A faithful copy is required of the lines from the top of the entries through the line that contains "Skytech Gaming Azure", both included, with no pictures.

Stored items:
####
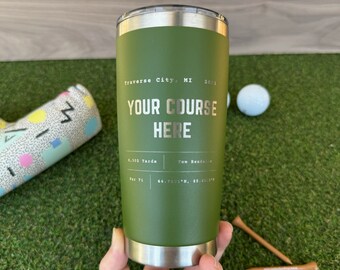 GESCHENKIDEE! Benutzerdefinierte Golf Tumbler | Benutzerdefiniertes Golf-Zubehör | Personalisiertes Golf Geschenk | Individueller Trinkbecher | Kundenspezifisches Golf-Geschenk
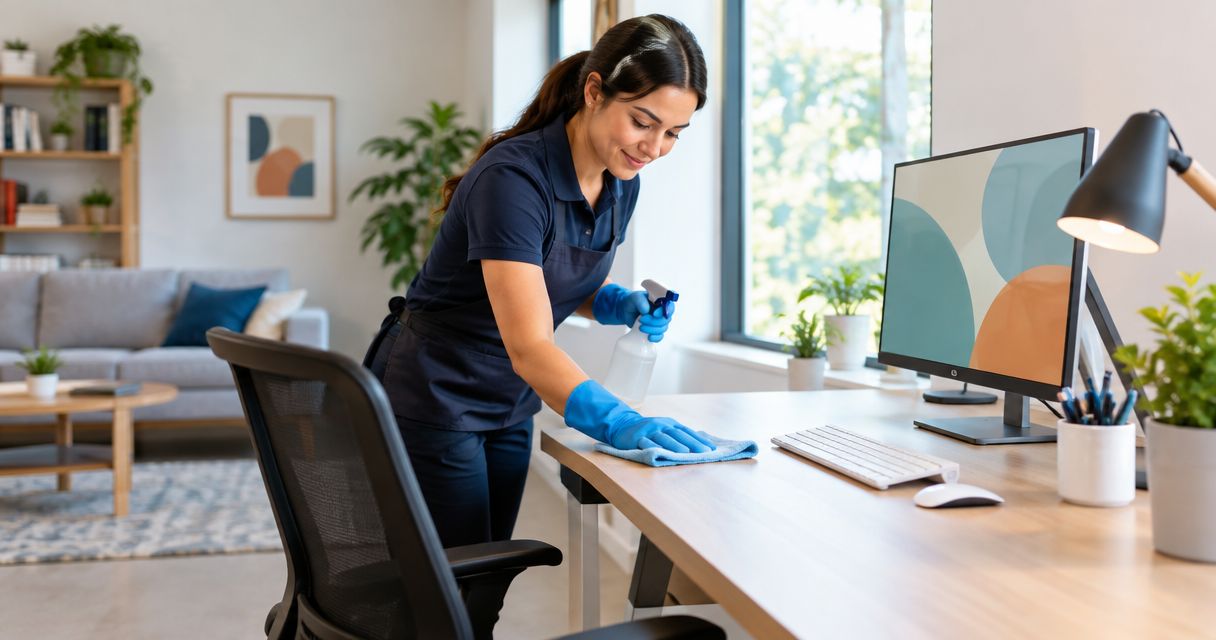 Can a house cleaning service work around a home office setup?
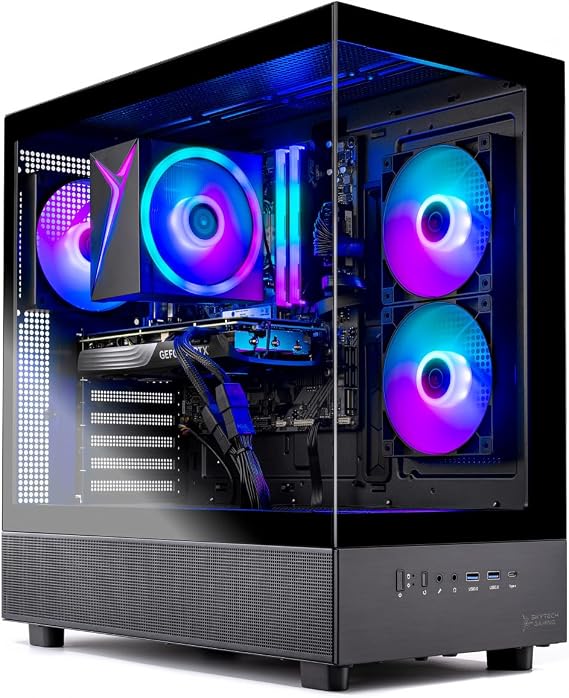 Skytech Gaming Azure 3 Gaming PC, AMD Ryzen 5 7600 3.8GHz, NVIDIA RTX 5060, 1TB NVMe SSD, 32GB DDR5 RAM 6000, 650W Gold PSU, Wi-Fi, Win 11, Desktop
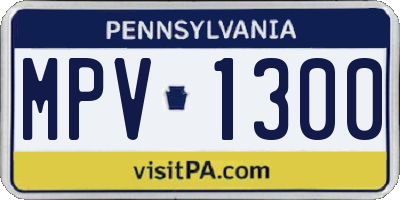 PA license plate MPV1300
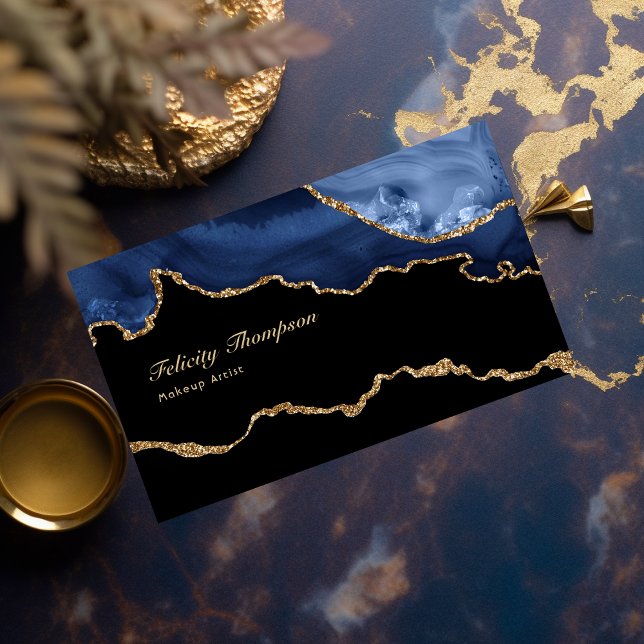 Navy and Gold Agate Precious Stone QR Code Business Card (Creator Uploaded)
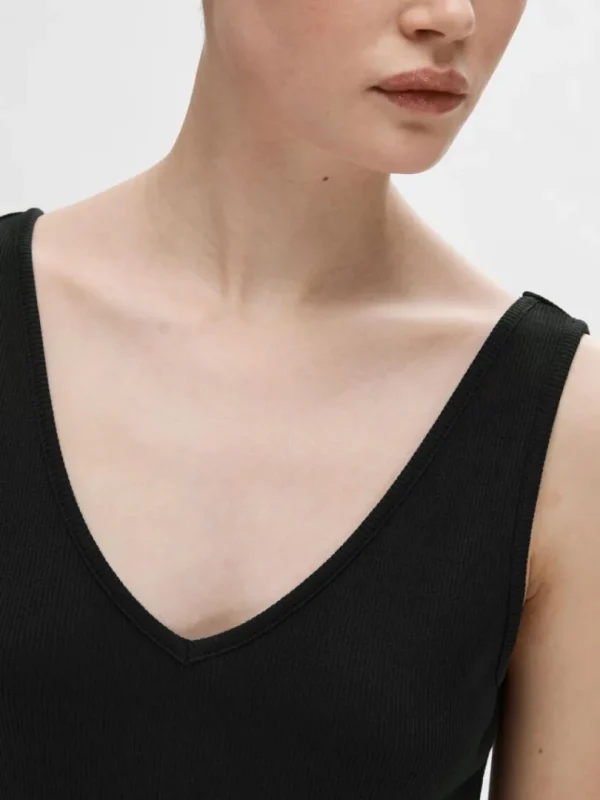 Toppe Og Bluser>SELECTED RIBBET TANKTOP Black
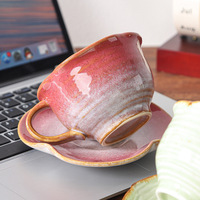 Ensemble tasse et soucoupe en céramique vintage avec glaçure de type Sakura japonaise pour latte art et café, vente en gros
####
- _ANSWER TO THE PROBLEM_:
 GESCHENKIDEE! Benutzerdefinierte Golf Tumbler | Benutzerdefiniertes Golf-Zubehör | Personalisiertes Golf Geschenk | Individueller Trinkbecher | Kundenspezifisches Golf-Geschenk
 Can a house cleaning service work around a home office setup?
 Skytech Gaming Azure 3 Gaming PC, AMD Ryzen 5 7600 3.8GHz, NVIDIA RTX 5060, 1TB NVMe SSD, 32GB DDR5 RAM 6000, 650W Gold PSU, Wi-Fi, Win 11, Desktop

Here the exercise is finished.